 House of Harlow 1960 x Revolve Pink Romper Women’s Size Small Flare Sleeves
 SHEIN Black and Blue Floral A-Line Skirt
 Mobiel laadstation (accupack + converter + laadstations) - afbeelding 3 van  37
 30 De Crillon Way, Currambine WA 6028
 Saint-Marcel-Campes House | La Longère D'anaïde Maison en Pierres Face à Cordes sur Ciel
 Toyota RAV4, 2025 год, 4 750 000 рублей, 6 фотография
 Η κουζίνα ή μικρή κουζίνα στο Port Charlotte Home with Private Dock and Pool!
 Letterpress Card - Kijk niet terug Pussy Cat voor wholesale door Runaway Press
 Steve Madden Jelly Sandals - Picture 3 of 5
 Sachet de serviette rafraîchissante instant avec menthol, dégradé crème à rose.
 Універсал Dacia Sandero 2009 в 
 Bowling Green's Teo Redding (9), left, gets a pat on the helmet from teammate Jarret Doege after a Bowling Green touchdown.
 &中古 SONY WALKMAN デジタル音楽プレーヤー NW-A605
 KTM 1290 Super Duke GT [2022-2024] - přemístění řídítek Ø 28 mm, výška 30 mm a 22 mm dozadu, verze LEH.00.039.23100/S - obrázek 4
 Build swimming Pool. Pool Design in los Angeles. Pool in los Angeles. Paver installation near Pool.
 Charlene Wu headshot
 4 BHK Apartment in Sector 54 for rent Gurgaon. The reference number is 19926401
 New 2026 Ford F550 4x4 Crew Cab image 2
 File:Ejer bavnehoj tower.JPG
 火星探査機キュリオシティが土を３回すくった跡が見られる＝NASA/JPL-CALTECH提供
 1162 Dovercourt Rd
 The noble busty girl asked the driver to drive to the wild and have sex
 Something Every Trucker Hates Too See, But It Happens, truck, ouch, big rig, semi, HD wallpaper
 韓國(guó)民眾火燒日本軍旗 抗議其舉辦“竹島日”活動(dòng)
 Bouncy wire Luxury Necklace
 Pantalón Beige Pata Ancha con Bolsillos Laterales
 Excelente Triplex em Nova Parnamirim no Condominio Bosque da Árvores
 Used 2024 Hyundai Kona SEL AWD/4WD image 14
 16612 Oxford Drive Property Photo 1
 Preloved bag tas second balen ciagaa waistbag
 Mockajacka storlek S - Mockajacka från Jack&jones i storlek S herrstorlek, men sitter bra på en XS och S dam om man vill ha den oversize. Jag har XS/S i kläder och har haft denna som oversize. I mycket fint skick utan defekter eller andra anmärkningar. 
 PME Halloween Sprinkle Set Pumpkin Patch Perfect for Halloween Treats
- - - -
◆ PROBLEM STATEMENT
The range runs from the line with "The noble busty" up to and including the line with "Mockajacka storlek S" in the listing above; please write out exactly those lines and nothing more.

◆ ANSWER FOR THE TASK
 The noble busty girl asked the driver to drive to the wild and have sex
 Something Every Trucker Hates Too See, But It Happens, truck, ouch, big rig, semi, HD wallpaper
 韓國(guó)民眾火燒日本軍旗 抗議其舉辦“竹島日”活動(dòng)
 Bouncy wire Luxury Necklace
 Pantalón Beige Pata Ancha con Bolsillos Laterales
 Excelente Triplex em Nova Parnamirim no Condominio Bosque da Árvores
 Used 2024 Hyundai Kona SEL AWD/4WD image 14
 16612 Oxford Drive Property Photo 1
 Preloved bag tas second balen ciagaa waistbag
 Mockajacka storlek S - Mockajacka från Jack&jones i storlek S herrstorlek, men sitter bra på en XS och S dam om man vill ha den oversize. Jag har XS/S i kläder och har haft denna som oversize. I mycket fint skick utan defekter eller andra anmärkningar. 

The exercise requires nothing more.